A motion brought by ANU students at the National Union of Students’ National Conference raised awareness of the Federal Government’s defunding of language education. The motion came as ANU this week announced new initiatives to promote learning of lesser-known Asian languages. It also reopened old wounds between ANUSA and the NUS.

The motion was moved by Student Unity member and second year ANU student Niall Cummins, and seconded by the Grassroots Independents. It was passed unanimously, with the Liberal party abstaining.

Speaking rights were given to incoming ANUSA Education Officer Tanika Sibal, who was also present at the Conference. Nick Pagonis, a first year ANU student and Student Unity member also spoke, as did 2018 NUS Queer Officer Kim Stern. 

The Motion’s preamble stated: ‘for the government to suggest that learning a language is not “career-related” is a narrow sighted and dangerous idea that is not supported by research or even the government’s own regional strategies… it is a prime example of the Abbott-Turnbull-Morrison Government’s slash and burn approach to higher education’.

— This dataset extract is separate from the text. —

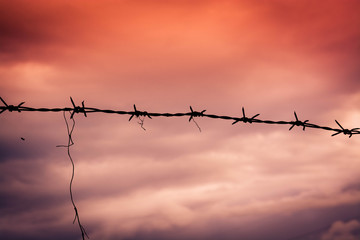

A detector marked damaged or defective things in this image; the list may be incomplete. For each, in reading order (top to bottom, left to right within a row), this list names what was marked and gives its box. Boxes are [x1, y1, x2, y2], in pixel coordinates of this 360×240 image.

rusty barbed wire [0, 95, 360, 137] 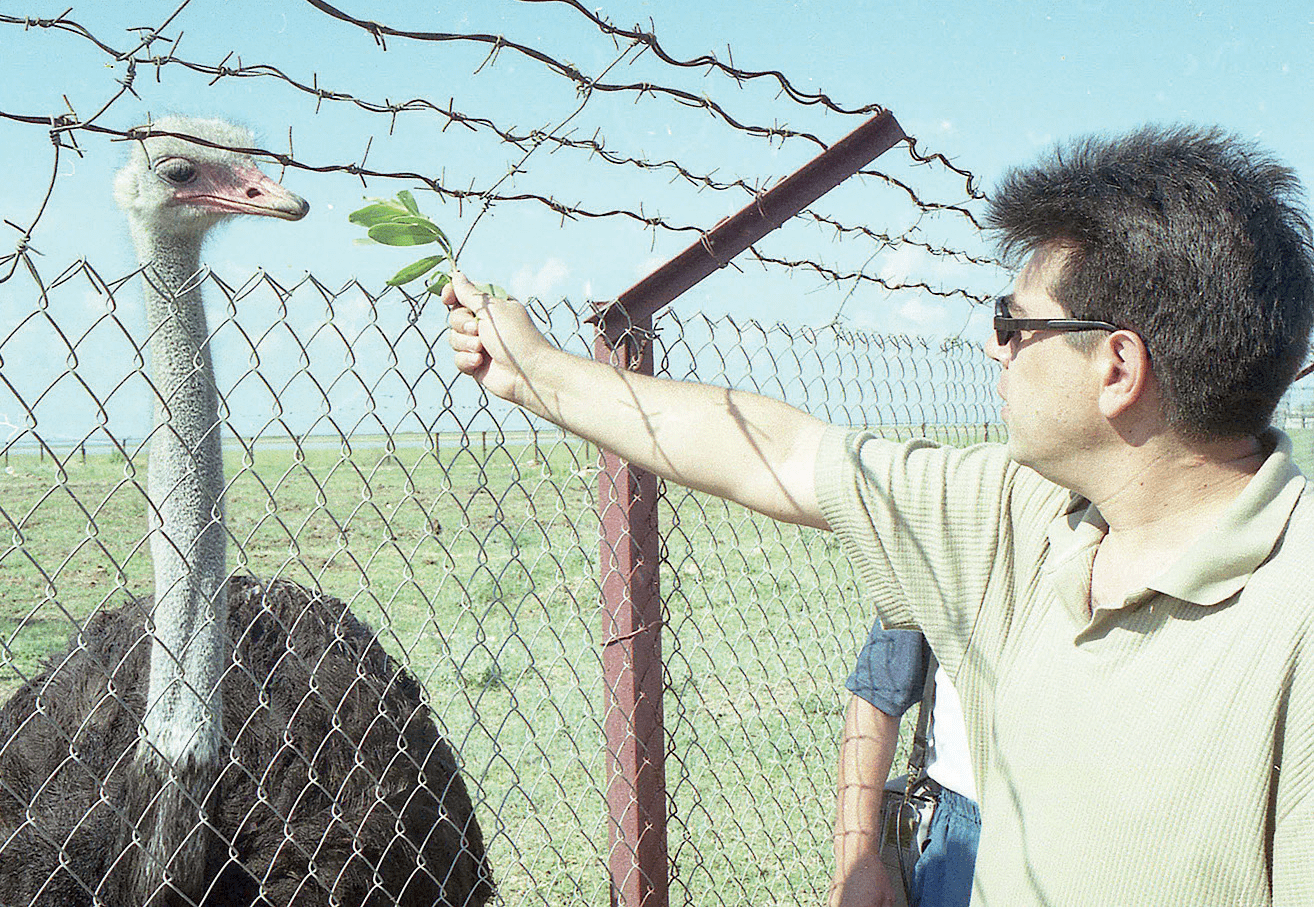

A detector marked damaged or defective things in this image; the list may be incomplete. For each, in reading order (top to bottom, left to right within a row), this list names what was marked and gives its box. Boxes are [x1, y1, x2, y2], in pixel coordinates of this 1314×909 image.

rusty metal fence post [593, 110, 904, 903]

The Diploma was cut as part of $2.2 billion dollars of cuts and affected 588 language diplomas. ANU’s program was unique in that it enabled study of languages unavailable elsewhere in Australia. 2018 Education Officer Harry Needham suggested it was ‘particularly important as an avenue to study lesser-known Asian languages’ in a September op-ed for Woroni.

The $2.2 billion cuts were intended for non-career tertiary qualifications. MP Karen Andrews, the Assistant Minister for Vocational Education and Skills, said they prioritised courses that were ‘a national priority, align with the industry needs, contribute to addressing skills shortages and lead to employment outcomes’.

Harry Needham wrote that the move ‘demonstrates an unnerving disregard for the intrinsic worth of the humanities and language learning’.

It’s a sentiment clearly shared by ANU. The College of Asia & the Pacific announced a $11.6 million investment in less-common Asian and Pacific languages on Tuesday. It’s a new initiative continuing ANU’s relationship with Open Universities Australia, and it’s already led to at least five new job listings.

The motion demonstrated the unusual alignment of values between ANU and the student advocates at ANUSA on the topic of language acquisition. However the motion also reopened old wounds between ANUSA and the NUS. Queer Officer Kim Stern, when speaking to the motion, took the opportunity to condemn the 2018 ANUSA Education Officer, Harry Needham. 

Stern complained Needham inadequately engaged with the NUS National Day of Action. The day is the NUS’ main protest day for cuts to education, including the cuts that led to the removal of the Diploma of Languages. The condemnation follows a year of tense relations between the NUS and ANUSA, and Harry Needham has shown particular candidness on the topic.